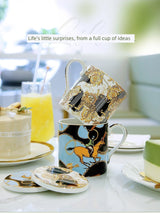 Florence Exquisite European-Style Bone China Mug with Lid and Spoon Julia M LifeStyles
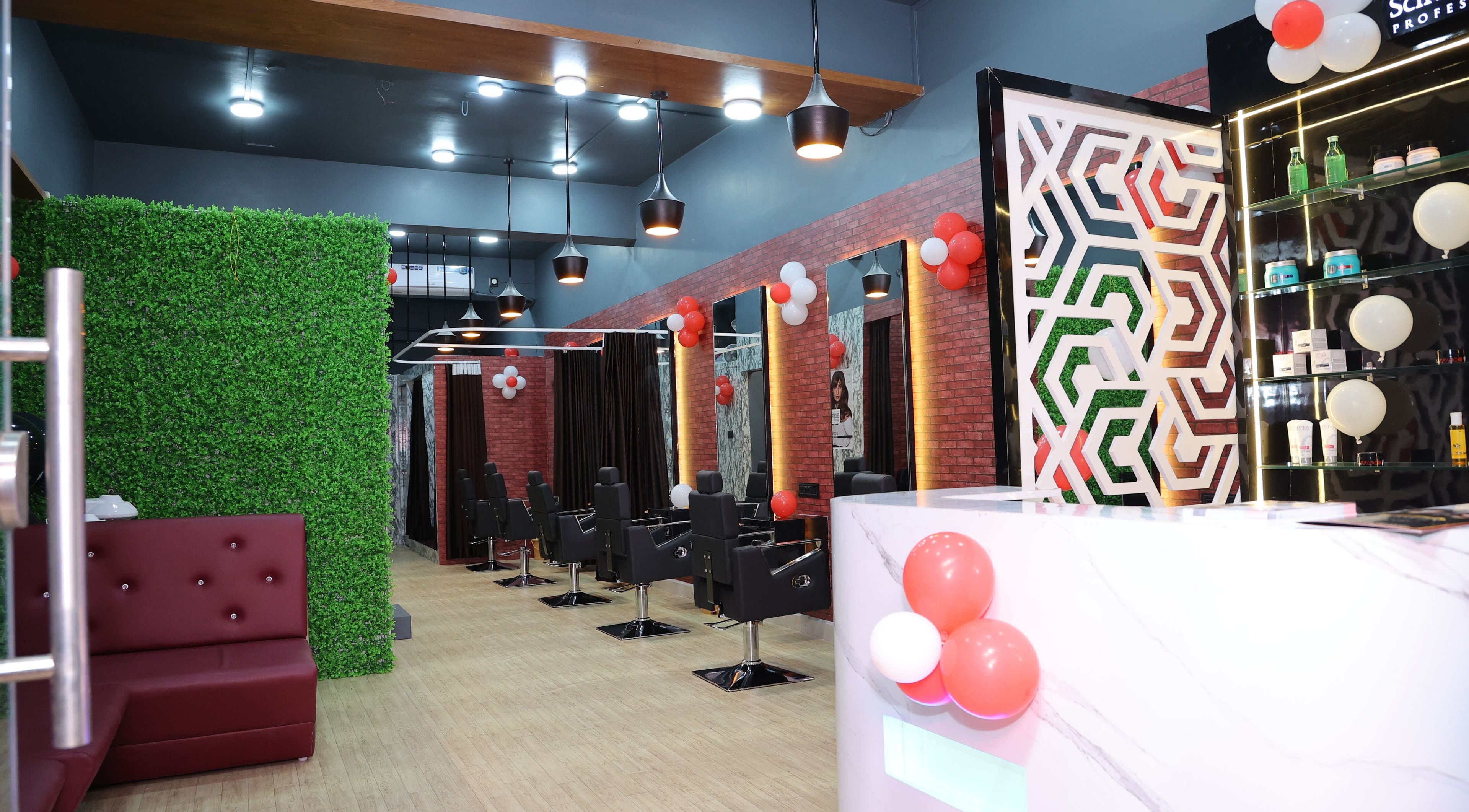 Elegant interior of eefaunisexsalon in Hubballi, Karnataka, IN featuring modern styling chairs and decor.
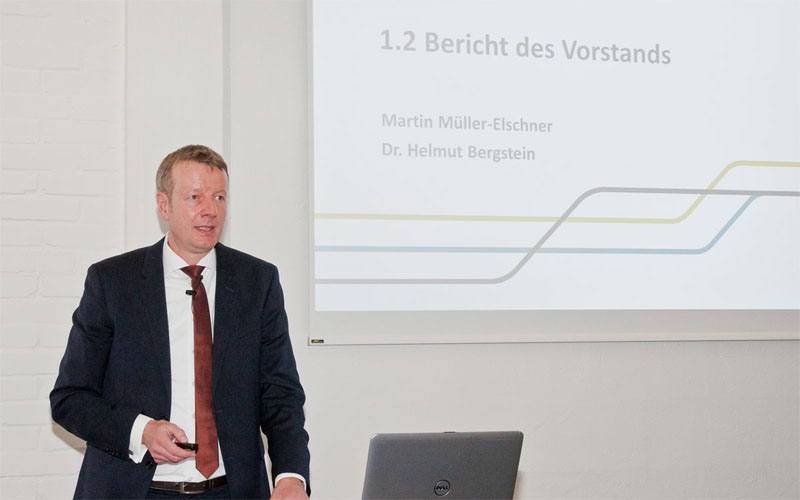 Martin Müller-Elschner, CEO of IVU Traffic Technologies AG, at the Annual General Meeting 2016 Martin Müller-Elschner, CEO of IVU Traffic Technologies AG, at the Annual General Meeting 2016
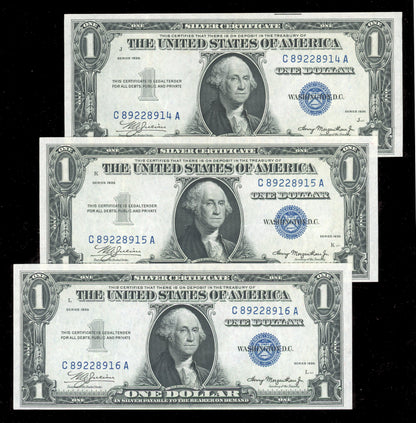 3 Consecutive $1 1935 Plain Silver Certificates Notes Crisp Uncirculated RARE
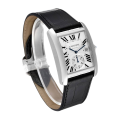 Cartier Tank MC Mens W5330003 Leather Strap Silver-tone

_Your goal_: With the pictures removed, return the listing above in its exact original wording.

_Exercise response_:
 Florence Exquisite European-Style Bone China Mug with Lid and Spoon Julia M LifeStyles
 Elegant interior of eefaunisexsalon in Hubballi, Karnataka, IN featuring modern styling chairs and decor.
 Martin Müller-Elschner, CEO of IVU Traffic Technologies AG, at the Annual General Meeting 2016 Martin Müller-Elschner, CEO of IVU Traffic Technologies AG, at the Annual General Meeting 2016
 3 Consecutive $1 1935 Plain Silver Certificates Notes Crisp Uncirculated RARE
 Cartier Tank MC Mens W5330003 Leather Strap Silver-tone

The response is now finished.